It’s great to be in the nation’s capitol and to read that Congress
thinks plain language is important. On October 11, 2011, the Plain Writing Act of 2010 became
fully in force. Congress passed the Act to require agencies to draft all new
forms, publications, and publicly distributed documents in easy-to-understand,
everyday English. The Act defines plain
writing as “writing that is clear, concise, well-organized, and follows
other best practices appropriate to the subject or field and intended audience.” Also
noteworthy, on January 18, 2012, Congressman Bruce Braley introduced the Plain Regulations Act of 2012, which would
require agencies to draft all new and substantially revised regulations in
plain English.
This link provides
the name of each federal agency’s designated plain-language expert and a URL to
the agency’s plan describing how it intends to start using plain language.
Since tomorrow I start work at the Federal Communications Commission, here I
borrow from the FCC’s Plain Language Workbook: Five Steps to Clear, Effective Communications
for the Federal Communications Commission.
Following are the FCC’s five plain-language attributes:
1. Concise
word use
2. The
active voice
3. Cohesion
4. Reader-focus
5. Tone
Each attribute has more specific guidance, which I briefly
summarize below. But before jumping in to these attributes, consider just two
simple principles to vastly improve your writing or speaking today.

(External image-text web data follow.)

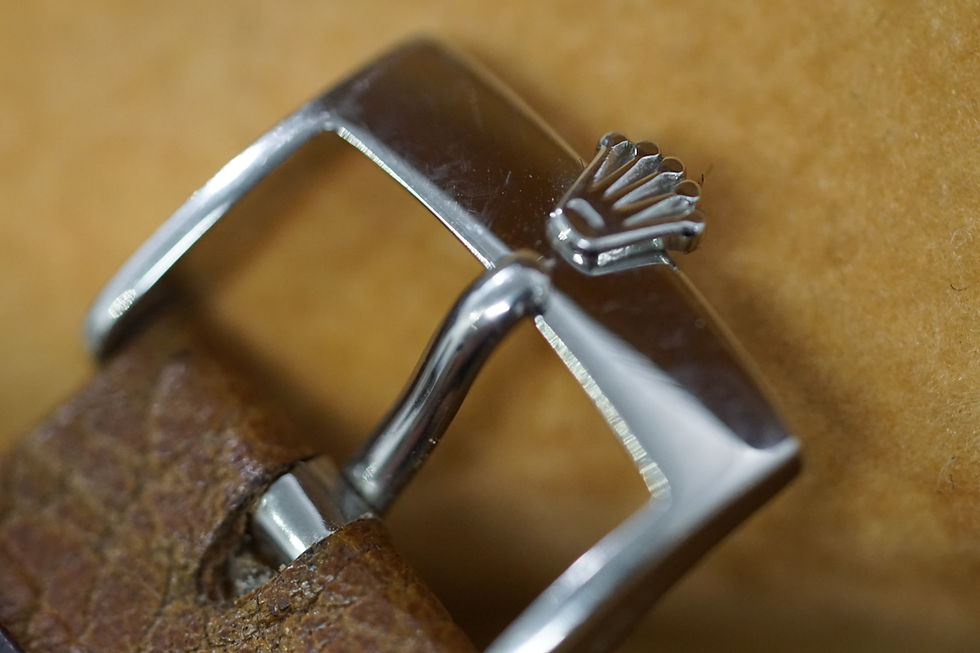 Thumbnail: Rolex Stainless Steel Black Dial Oyster Date Precision 6694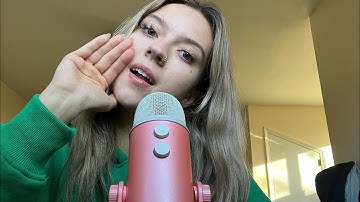 ASMR| Whisper Repeating My Intro/Outro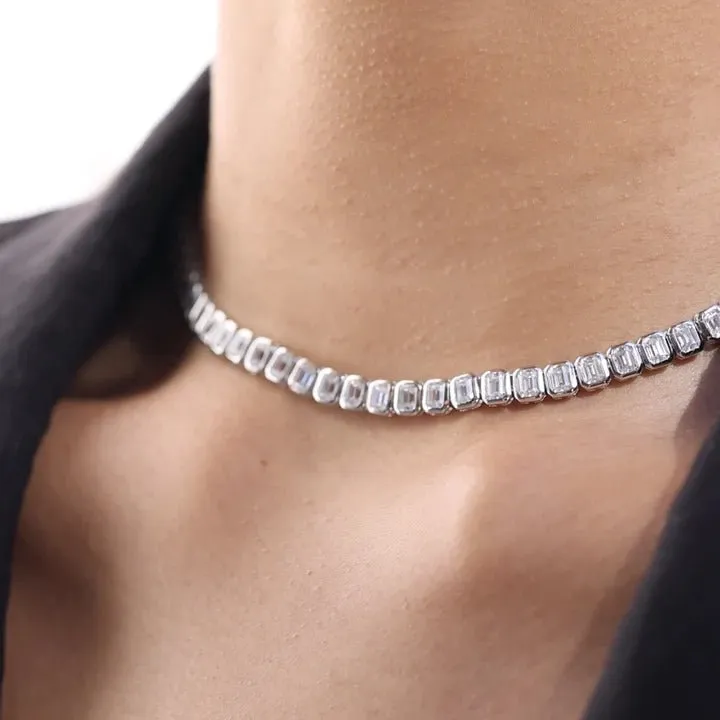 CARAT* London Cassidy Necklace Silver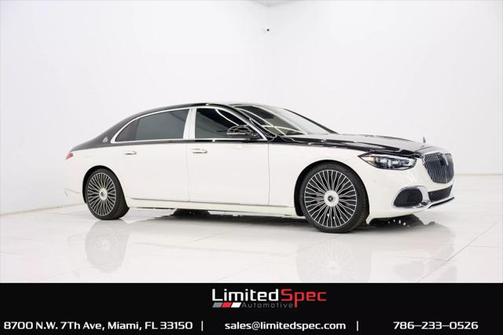 2021 Mercedes-Benz S-Class S 580 4MATIC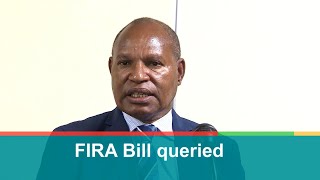 FIRA Bill queried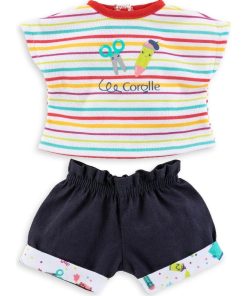 Short et T-Shirt Petit Artiste pour poupée ma Corolle - N/A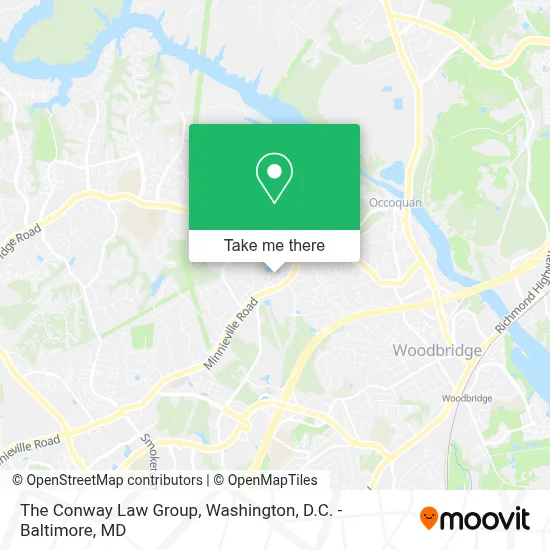 The Conway Law Group map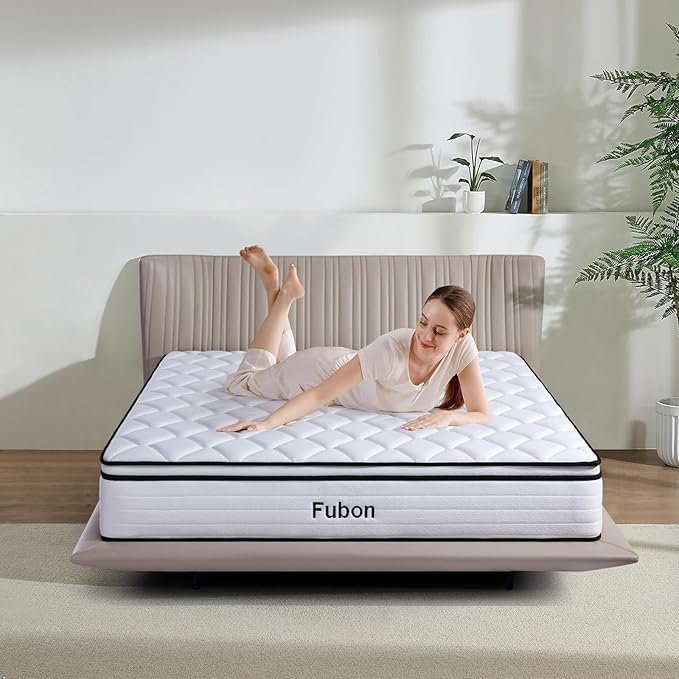 12 Inch Full Size Mattress Memory Foam in a Box for Cool Sleep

Two Words or Phrases You Should Never Use in Writing or Speaking
(1)
and/or
This term
causes more problems than it solves (because it solves none). While and/or commonly
means “the one or the other or both,” half the time and/or actually
means and, and half the time and/or actually
means or. See Bryan A. Garner, Garner’s Dictionary of Legal Usage 57–58 (3d ed. 2011); Bryan A. Garner, Legal Writing in Plain English 112–13
(2001).
(2)
prior to and subsequent
to
These
two-word substitutes for the words before and after just
won't seem to go away. The phrase prior to conveys nothing more precise than the word before, and the
phrase subsequent to conveys
nothing more precise than the word after.
And here
are the FCC’s five plain-language attributes in a bit more detail:
I.
Concise Word Use
- Avoid
general-specific combinations
- Avoid
negative structures
- Avoid
little extra words
- Avoid
repeated words
- Avoid
twin words
- Avoid
obvious information
II.
The Active Voice
- Three
reasons to avoid passive voice:
1.
the actor and the action get separated
2.
the actor gets eliminated
3.
the actor becomes a hidden verb*
*hidden verbs are also called nominalizations — provide testimony is a nominalization of testify.
III.
Cohesion
- Subject
lines, headers, and titles should help the reader to find information
quickly.
IV.
Reader-Focus
- Write
with the reader’s point of view in mind.
- Consider
the information’s position within the piece and whether it helps the piece
as a whole to flow logically.
- Use
the second-person “you.”
- Write
so you are showing (not telling) your message to
the reader.
- Use
jargon-free language.
V.
Tone
- Following
are three tones to be aware of:
1.
Hyper-formal
tone should never be used in FCC writing.
2.
Formal
tone is used in most FCC documents.
3.
Informal
tone is good for emails, group discussion, and blog posts.
- These
six elements of style also improve tone:
1.
Don’t abbreviate words unless they are common everywhere.
2.
Don’t overuse acronyms and initialisms; spell out the whole word
several times in a single document.
3.
Don’t use an ampersand (&) in place of the word and unless an
ampersand is part of an entity’s name.
4.
Use contractions in all FCC writing except congressional documents
or highly formal pieces.
5.
Use genderless language.
6.
Use Ms. for all women unless they have a title.